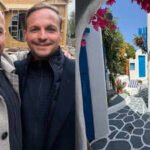Two Swiss brothers spent about £10,000 turning a 15-by-15-metre section of their garden into a miniature Greek village with blue shutters, stone lanes and a bar; the wider backyard attraction cost £20,000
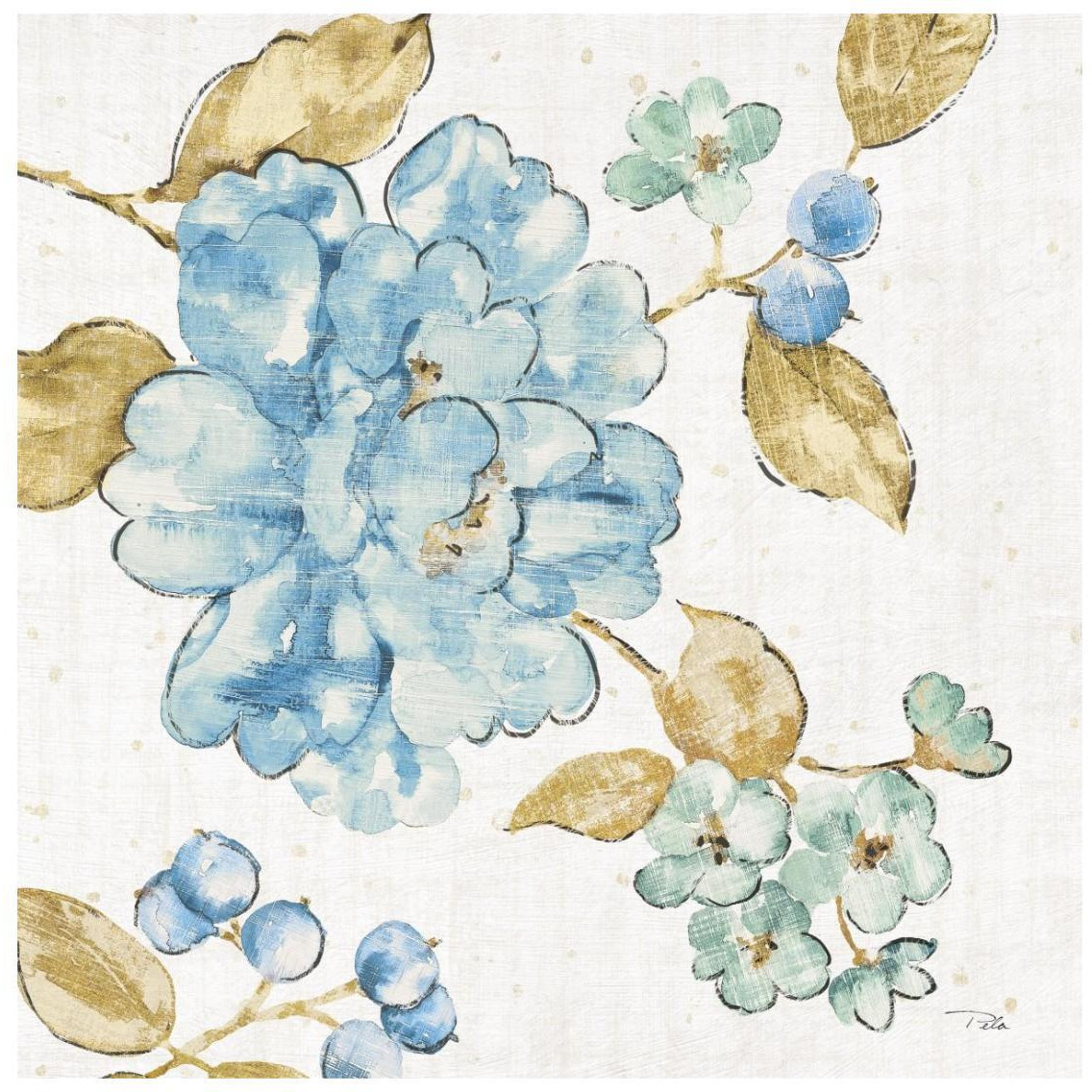 Blue Blossom II -Paper Art-26&quotx26"
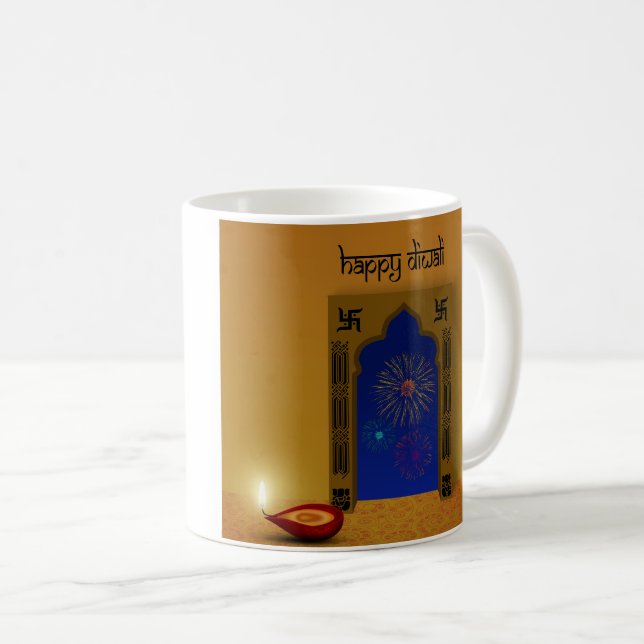 Taza De Café Festividad feliz Diwali fuegos artificiales - Mug (Anverso derecho)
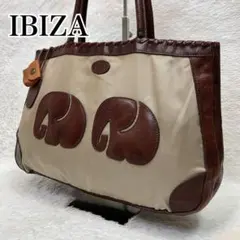 IBIZA イビサ トートバッグ ナイロン レザー 象 ブラウン ベージュ 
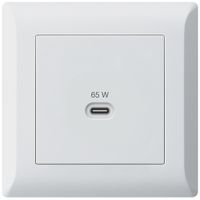 UP-USB-Ladesteckdose Hager kallysto.line Typ C 65W 3250mA weiss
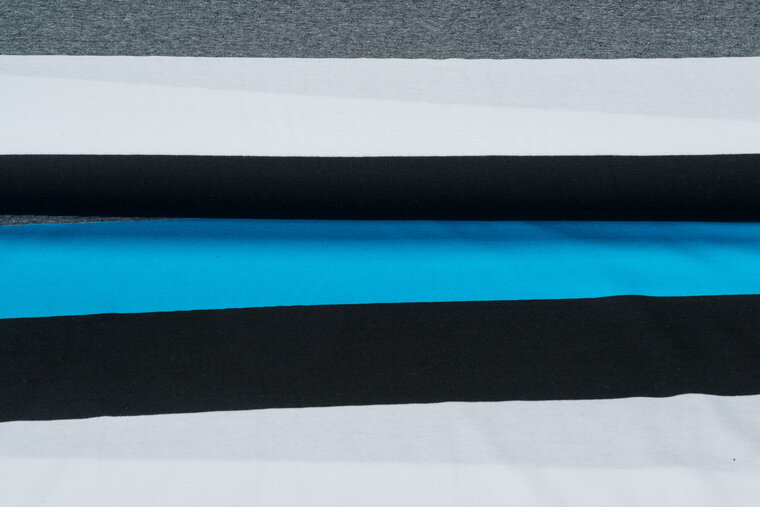 Baumwolljersey bedruckt 3-stripes blau-grau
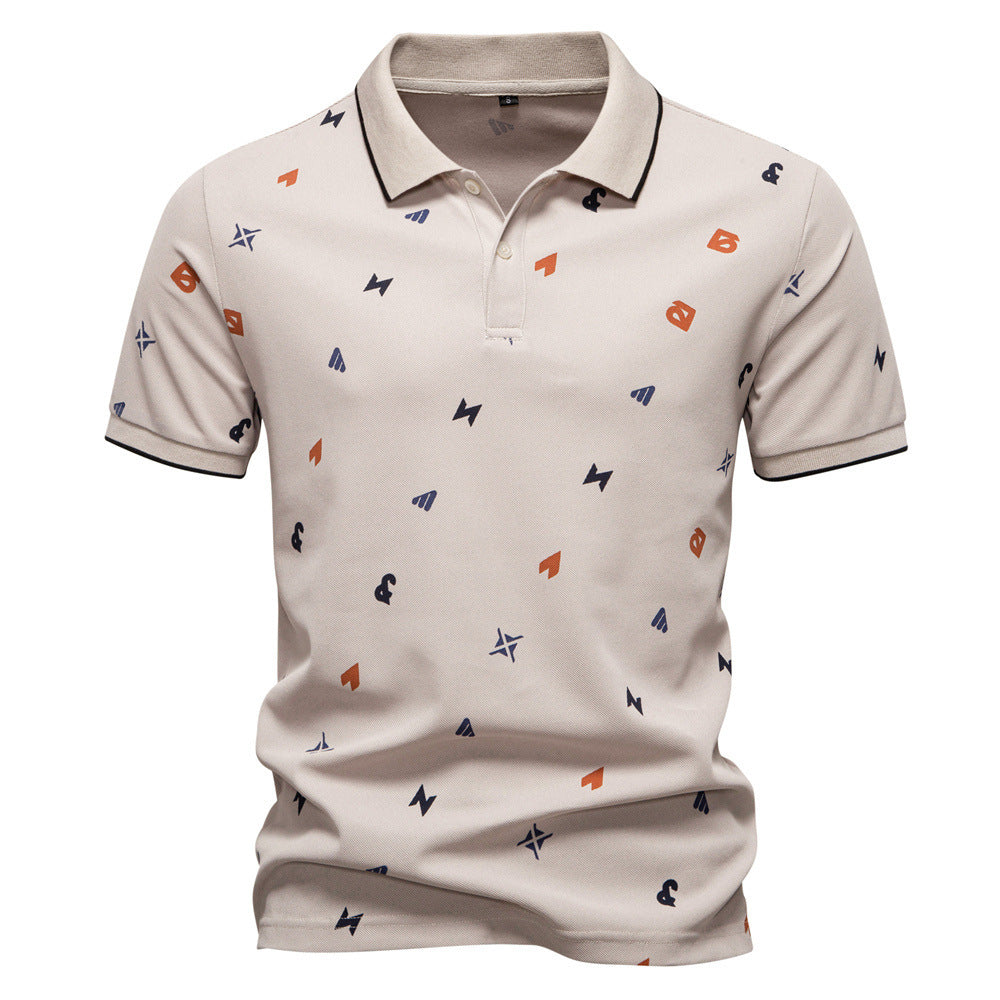 Herrer nan legeres kortærmet Piqué-polo med geometrisk all-over-print, kent-krave og kontrastbesætning Skovae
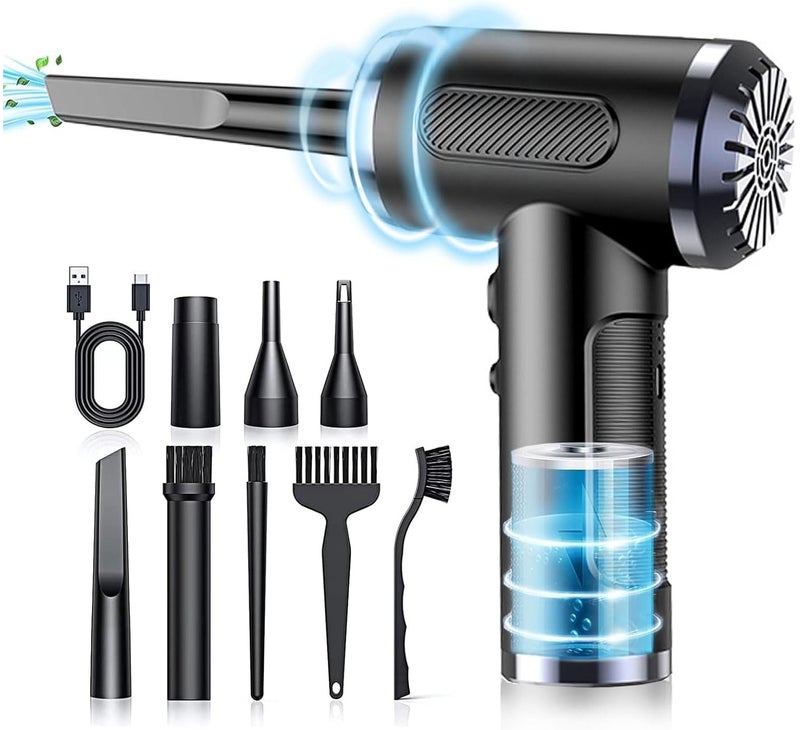 Compressed Air Duster-3 Gear Adjustable 100000RPM Electric Air Duster with LED Light, Rechargeable Cordless Air Blower for Keyboard Electric Devices Cleaning. Replaces Compressed Air Cans (Black) - Image 1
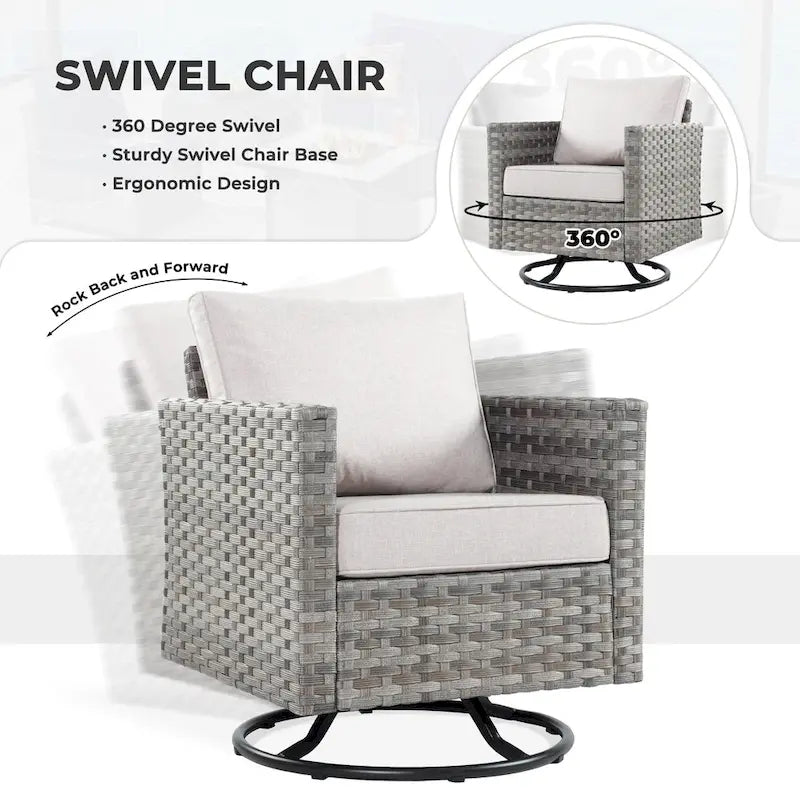 HOOOWOOO 7-piece PE Wicker Outdoor Furniture Sectional Set with Swivel Rocking Chair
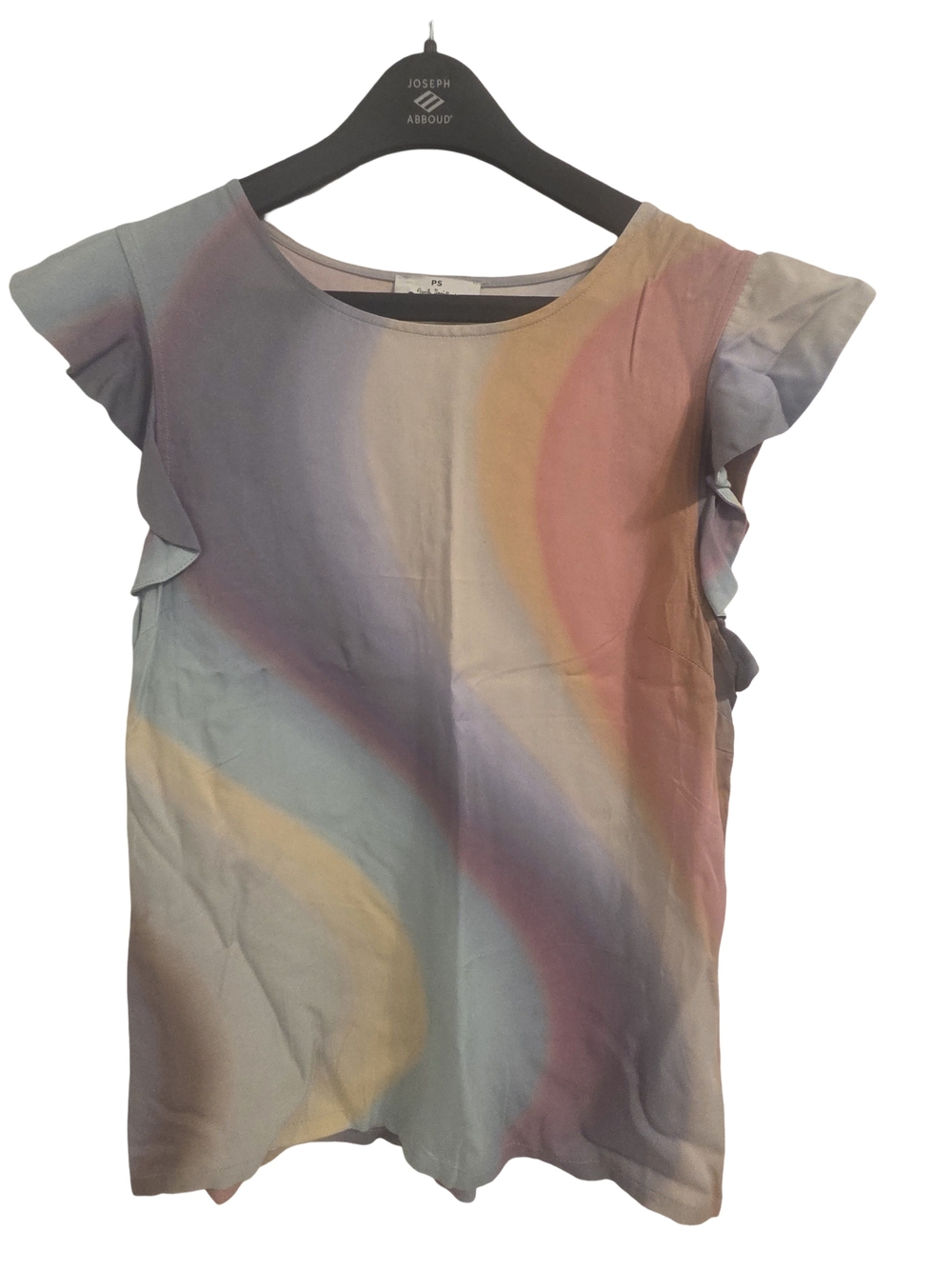 Paul Smith Pastel Wave Ruffle Sleeve Top - Pink, Blue, Yellow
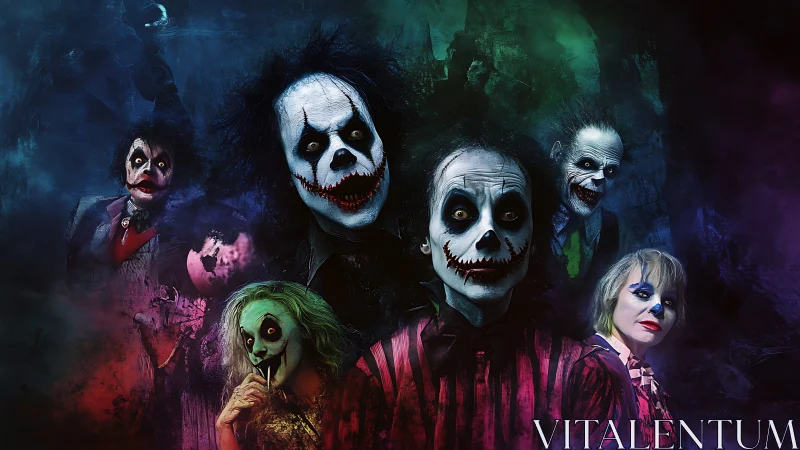 Group of sinister clowns in smoky, colorful darkness.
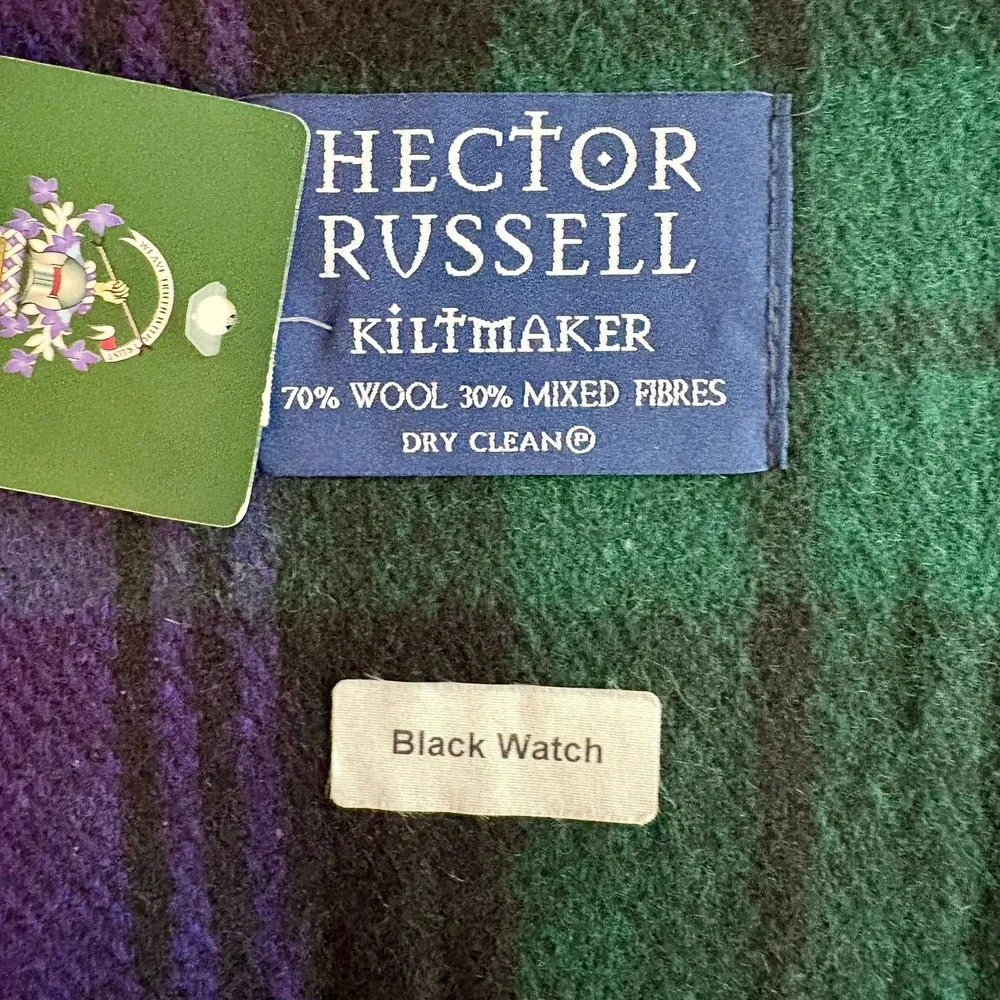 New Hector Russell Black Watch Tartan Wool Blend Throw Blanket 56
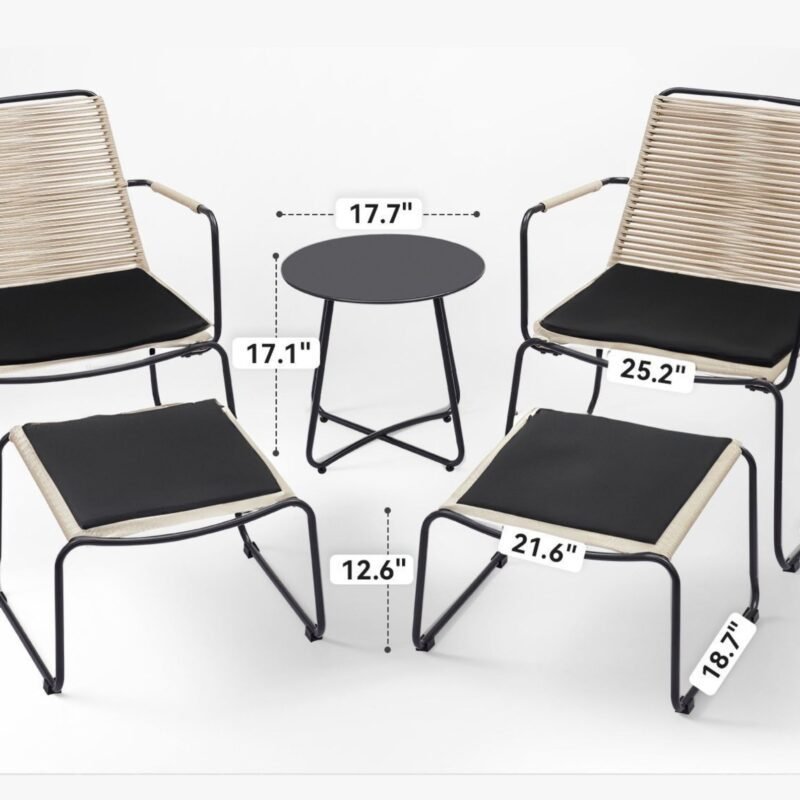 5 Piece Outdoor Patio Set with Ottoman & Side Table (Beige & Black) - Image 2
....
**Your goal:** Give back, exactly and without pictures, the stretch of the records above from the line containing "Taza De Café" through the line containing "Herrer nan legeres", with both end lines included.

**Solved problem:**
 Taza De Café Festividad feliz Diwali fuegos artificiales - Mug (Anverso derecho)
 IBIZA イビサ トートバッグ ナイロン レザー 象 ブラウン ベージュ 
 UP-USB-Ladesteckdose Hager kallysto.line Typ C 65W 3250mA weiss
 Baumwolljersey bedruckt 3-stripes blau-grau
 Herrer nan legeres kortærmet Piqué-polo med geometrisk all-over-print, kent-krave og kontrastbesætning Skovae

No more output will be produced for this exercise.